28 V.I. 25 | Supreme Court of The Virgin Islands | 1992
MEMORANDUM OPINION AND ORDER
This matter is now before the Court on Motion for Reconsideration and New Trial predicated on two grounds: the Motion is
This case was filed in the Small Claims Division of the Court by Plaintiff on August 10, 1992, claiming Defendant was indebted to Plaintiff in the sum of $4,980.00. The jurisdiction of the Small Claims Division is limited to trial of cases in which the claim does not exceed $5,000.00. 4 V.I.C., Section 112(a) Cumulative Pocket Supplement (1992).
Neither party may be represented by counsel, and parties shall in all cases appear in person except for corporate parties, associations and partnerships, which may appear by a personal representative. Id. at 112(d).
Without moving to transfer the action to the Civil Division of the Court, notwithstanding Subsection 112(d), Defendant appeared by Attorney Stafford Hilaire on October 2,1992, and filed a Motion for Continuance of the trial date from October 2, 1992. This Motion was not granted.

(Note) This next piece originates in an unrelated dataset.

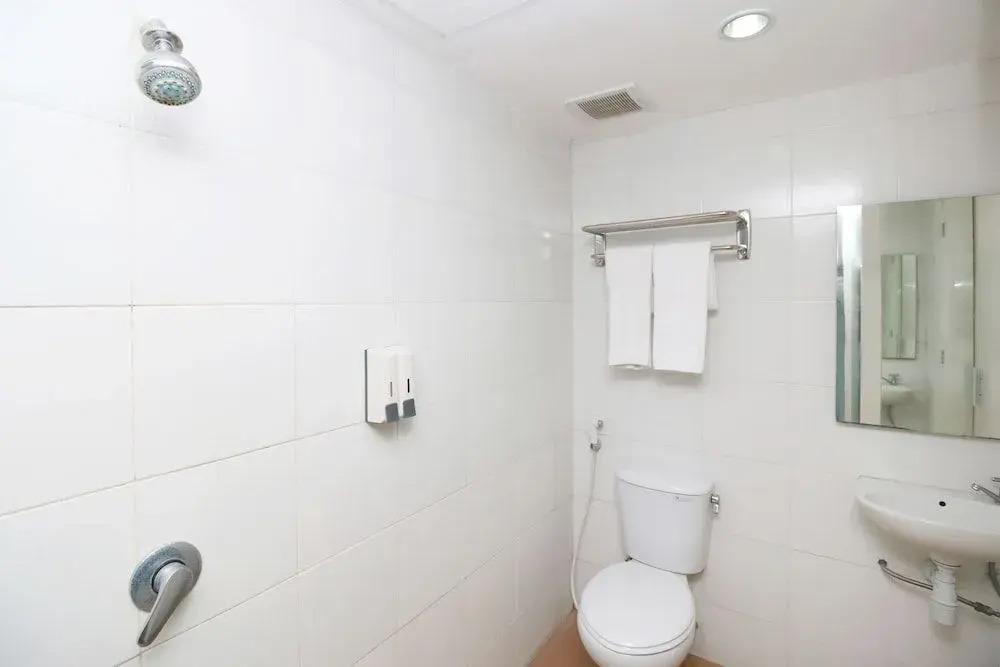 Airy Semarang Selatan Singosari Raya 15B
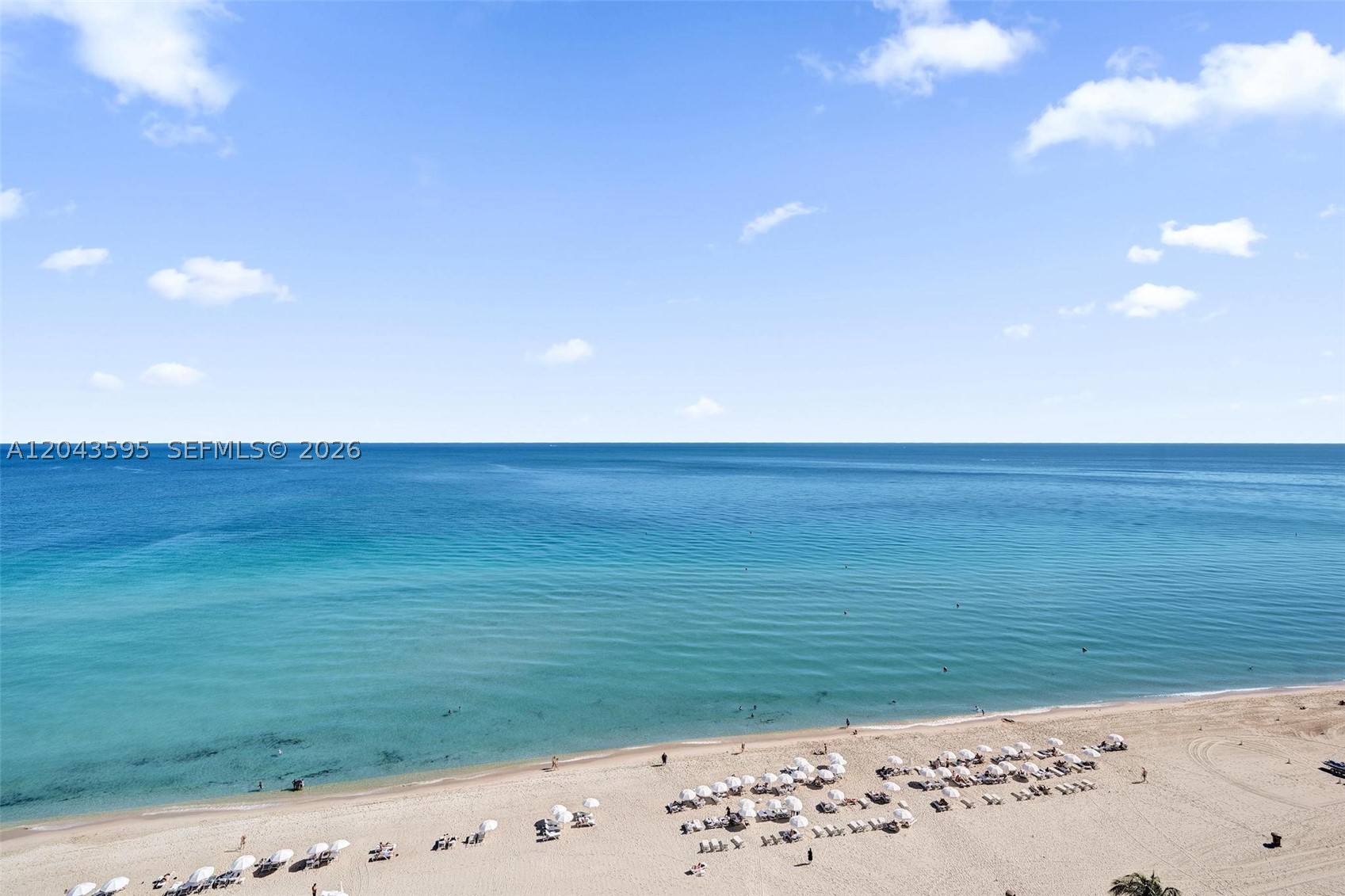18101 Collins Ave #1607 Sunny Isles Beach, FL 33160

On October 2, 1992, the case came on for hearing. The Plaintiff appeared by its representative, Ken Husky. The Defendant did not appear, answer, or otherwise move, and was adjudged in default.
Judgment by default was entered against Defendant in the amount sued for, $4,950.00, and costs. Judgment was entered on October 8, 1992.
On October 23, 1992, Attorney Hilaire, without transfer of the case to the Civil Division of the Court, and notwithstanding Section 112(d), filed aforesaid Motion for Reconsideration and a New Trial on the grounds that it is filed on time pursuant to FRCP 59 and the Court lacked subject matter jurisdiction, citing Sea Air Shuttle Corp. vs. V.I. Port Authority, 26 V.I. 64 (Terr. Ct. 1991), and Puerto Rican-American Insurance Co. v. Francis, 17 V.I. 87 (Terr. Ct. 1980).
I. MOTION NOT TIMELY FILED
While FRCP 59 allows a period of ten days to file a Motion for a new trial or amendment to Judgments, which includes Motions for Reconsideration, this general rule is superseded by the special rule applicable in this instance, 5 V.I.C., App. IV, Rule 65, which states in pertinent part: "Judgment shall be entered at the time of the entry of the finding of the judge, provided however, that upon a satisfactory showing that a substantial question of law or fact, or both law and fact, is involved, the trial judge may in his
II. LACK OF SUBJECT MATTER JURISDICTION
The second ground mentioned in the Motion is that the limit of the amount in controversy which may be properly adjudicated in the Small Claims Division of the Court is $5,000.00, and that limit is jurisdictional. We are perplexed as to why Defendant made that argument as both the amount of Plaintiff's claim and the amount of the Judgment granted Plaintiff is less than $5,000.00, i.e., $4,950.00.
Sea Air Shuttle Corp. and Puerto Rican-American Insurance Co., cited by Defendant in support of his contention, are both completely inapposite. In both of these cases, both in the Civil Division of the Court, the issue was whether the Virgin Islands Declaratory Judgments Act, 5 V.I.C., Sections 1261-1272, extended the jurisdiction of the Territorial Court beyond the $50,000.00 limit which existed at the time these causes of action arose, the Court in both cases holding it did not, that actions under the Act required an independent jurisdictional basis, to wit, 4 V.I.C., Section 76(a).
III. OTHER NOTEWORTHY OBSERVATIONS
1. There was never a trial in this case, only a default hearing, so there can be no new trial. A trial is a judicial examination, in accordance with the law of the land, of a cause, either civil or criminal, of the issues between the parties, whether of law or fact, before a Court that has jurisdiction over it. Black's Law Dictionary Revised Fourth Edition (1968). (Citations omitted). While the Defendant, through Attorney Hilaire, did file an Answer on October 2, 1992, the very day scheduled for the trial, it was illegally filed, and in fact never reached the Court until after the case was heard and the Default Judgment granted.
3. A Default Judgment having been entered, the proper motion is one to set aside the default. Such a motion will usually be granted if (a) the non-defaulting party will not be prejudiced by the reopening; (b) the default was not the result of inexcusable neglect or wilful act; and (c) the defaulting party has a meritorious defense. Bonhomme, Plaintiff/Appellee v. Terry Frederick Associates and Phillip Etienne, Defendants/Appellants. District Court Appellate Division, No. 209/1989 (Decided July 11, 1990).
ORDER
For the foregoing reasons, neither ground for the Motion having been established to the satisfaction of the Court, the Motion is hereby denied.
This is a clear indication that it was the intent of the rule maker that small claims should be handled expeditiously and inexpensively.